On collective bargaining rights, Walker goes too far
Whatever you think of Gov. Walker's budget fix, his call for an end to collective bargaining rights for many state employees unnecessarily pours gasoline on what already was a red hot fire.
As I've stated on these pages, Walker's calls for state employees to contribute more to their pensions and fringe benefits is not out of line, especially with a $137 million shortfall in this biennium and a $3.6 billion structural deficit heading into 2011-13. But to deny workers the right to collectively bargain over benefits or work rules overplays his already-strong hand before he even sat down to negotiate with state employee unions.
In fairness to Walker, Wisconsin state Employee Union Executive Director Marty Beil hasn't exactly offered an olive branch, but media bluster isn't exactly something new in labor-management relations. Then again, if the Governor is serious about this plan, and I have no doubt he is, there won't be much of a relationship at all.
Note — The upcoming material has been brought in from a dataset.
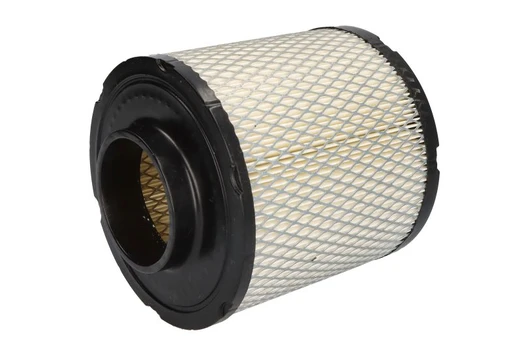 Oro filtras ALL BALLS 48-1007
It now appears that Walker has the votes to pass this plan as presently structured, although it’s a close call in a State Senate controlled by his own party. I suspect there is stronger support for other parts of the plan, under which state workers would contribute 5.8% of their pay to their pension plans, and at least 12.6% of the cost of their health care premiums. That’s still a lot better than workers in the private sector, where thousand have made benefit concessions in order to keep their jobs.
Adding to the bitter pill Walker is asking state workers to swallow is that state troopers, police, and firefighters would be exempt. Walker says it's because potential job actions by these public safety employees would compromise public safety. This has led to charges of political favoritism, but in truth most of the public safety unions endorsed Tom Barrett in last fall's gubernatorial campaign.
I base my opinion on a belief, perhaps naive, that when push comes to shove, state employee unions will realize that it's better to accept benefit concessions than force the Governor to lay off workers, therefore weakening the size and strength of the unions, not to mention whack the Madison economy. There is no reason that ground given in economic hard times cannot be recaptured when the economy regains traction, especially if collective bargaining rights are maintained.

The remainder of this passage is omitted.